The line gets blurred when sportswriters participate in things like college football polls, Major League Baseball awards, and Hall of Fame elections. Their votes become the news that they later have to cover and critique. Conflicts are inherent in such a process.
Brian Hamilton, the Notre Dame beat writer for the Chicago Tribune, felt uneasy about having a Heisman Trophy ballot this year. The question of possible bias because of Irish linebacker Manti Te’o resulted in the Tribune using an internal staff poll to determine Hamilton’s vote.
The section revealed the quandary in a story in Sunday’s paper. He wrote:
We’re in the business of creating as little question as possible — preferably none — about how we conduct our business as journalists. And the Notre Dame beat writer at the Chicago Tribune casting a vote in a Heisman race involving the Irish’s most prominent player in years creates enough questions to make us uneasy. Did you vote for Manti Te’o because you’re biased toward Notre Dame? Did you not vote for Manti Te’o because you’re biased against Notre Dame? Did you vote a certain way solely because you didn’t want it to look like you were biased a certain way?
I talked to Mike Kellams, the Tribune’s associate managing editor for sports (also my former editor), about the situation. He said Hamilton approached him about his vote a few weeks ago.
“He said, ‘I think this is something we should talk through.’ He was right,” Kellams said. “He hasn’t dealt with this before. It’s been a while since Notre Dame had a top candidate for the Heisman.”
Hamilton could have simply decided not to vote. However, if Te’o lost by one point because the Notre Dame beat writer decided to pass, they would have had to call in extra security at Tribune Tower. That element looked as if it influenced Kellams’ decision.

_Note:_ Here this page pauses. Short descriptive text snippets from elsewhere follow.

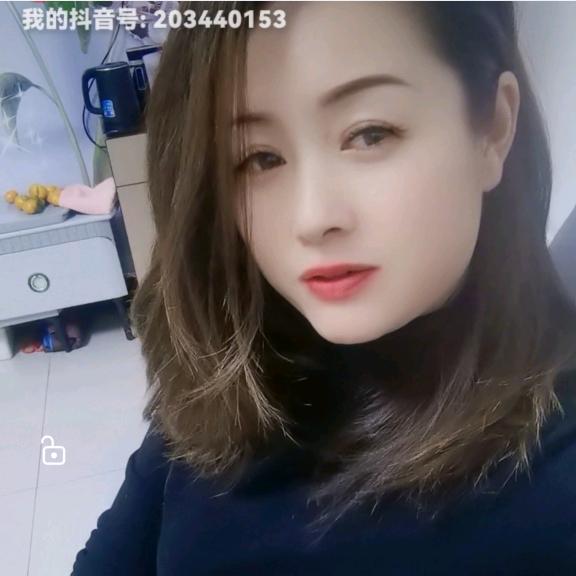 AAA优雅衣阁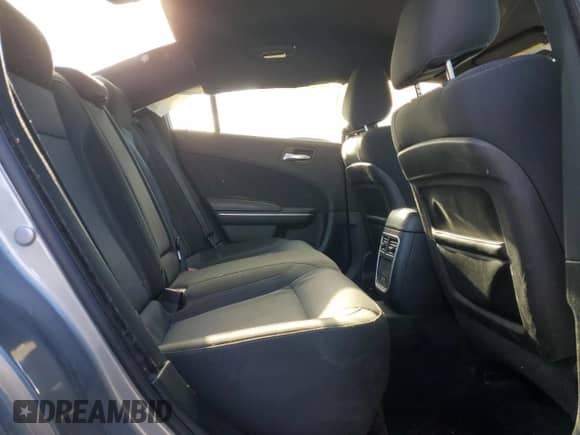 2018 Dodge Charger SXT Plus z VIN 2C3CDXHG7JH162849, wystawiony jako Copart lot #90515255 z przebiegiem 74 757 mil mil oraz Szkoda całkowita • Salvage title. Historia ofert i sprzedaży dostępna na DreamBid. Obrazek 10.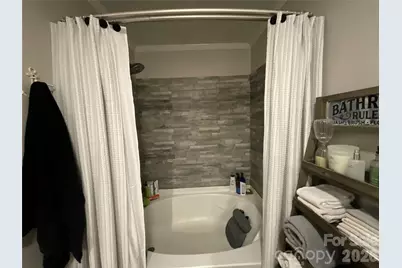 6334 Griffin Road, Lancaster, SC 29720 - Photo 33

“I don’t disagree with that point,” Kellams said. “However, my thought was if we don’t vote, we change the outcome. Those points aren’t going to be awarded to the other players, not just Te’o. If we do participate, we change the outcome. Either way we were making a decision that was going to have an impact.”

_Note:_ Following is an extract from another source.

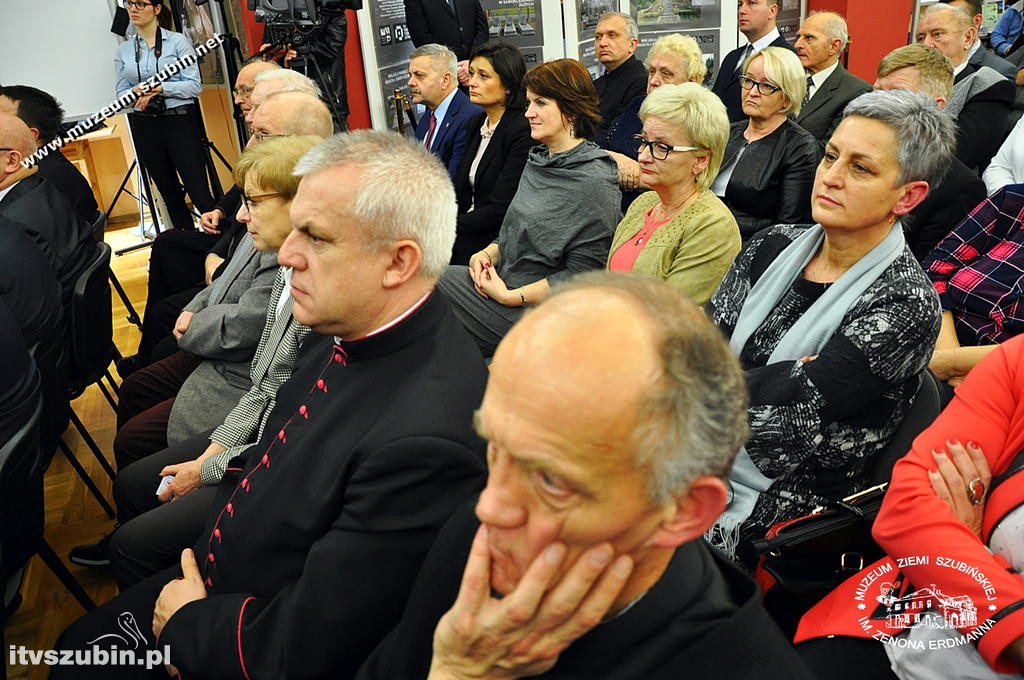 36. rocznica wprowadzenia stanu wojennego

Ultimately, Kellams decided to use a panel of five Tribune writers and editors who handle college football for the paper. Teddy Greenstein, who covers Northwestern, was not included since he had his own Heisman vote.
The results of the internal poll saw Hamilton’s vote go for Te’o. Naturally, right? Notre Dame is the Tribune’s hometown team. Well, not exactly. Hamilton had Te’o listed second behind Collin Klein. I’m sure he heard from some Notre Dame fans Sunday. And Te’o barely won the Tribune poll over Klein.

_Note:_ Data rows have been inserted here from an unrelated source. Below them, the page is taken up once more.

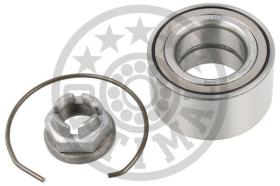  RS 5701302 - KIT DE RUEDA ANDEL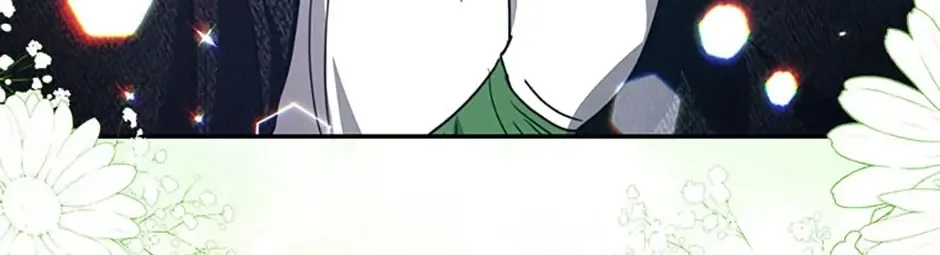 Catherine's Key to a Happy Life - Chapter 17 - Page 168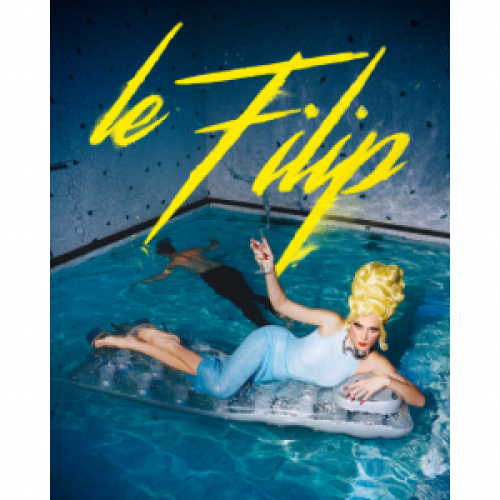 Le Filip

The Tribune’s dilemma illustrates why several newspapers won’t allow their sportswriters to vote for awards and Hall of Fame selections. Even within Tribune Co., Kellams notes the Los Angeles Times has its writers on the sidelines for votes.
The issue, I believe, is going to escalate with the upcoming Baseball Hall of Fame ballot that features Barry Bonds, Roger Clemens and Sammy Sosa for the first time. The writers will be generating major news by making a statement about the steroid era, a period the majority of them all covered.
Kellams is well aware of both sides of the argument. For now, he is comfortable with his writers participating.
“This wasn’t a new discussion for our department,” Kellams said. “There’s no denying that if the writers are being asked to vote, they are going to create the news they have to cover. I wouldn’t argue if they (Heisman, Hall of Fame, etc) decided to do something different. But if we’re asked to participate, I believe our writers have the ability to separate themselves and make the right decision…If we believe they exercise good judgement every single day of the year (covering sports), I expect that they can exercise that good judgement when it comes to casting a vote.”
It will be interesting to see how the Heisman voting committee reacts to the Tribune’s decision regarding Hamilton’s vote. Will it demand that it should be one-voter-one-vote? Will Hamilton be invited to vote next year? After all, Irish quarterback Everett Golson is only a sophomore and could find himself in the Heisman picture in 2013.
Kellams wouldn’t speculate on the Heisman’s reaction. He also wouldn’t say that other papers follow should suit if they have a beat writer who covers a top candidate in the Heisman race.
“I feel good about our process in this case,” Kellams said. “It was the right way for us to do it under the circumstances.”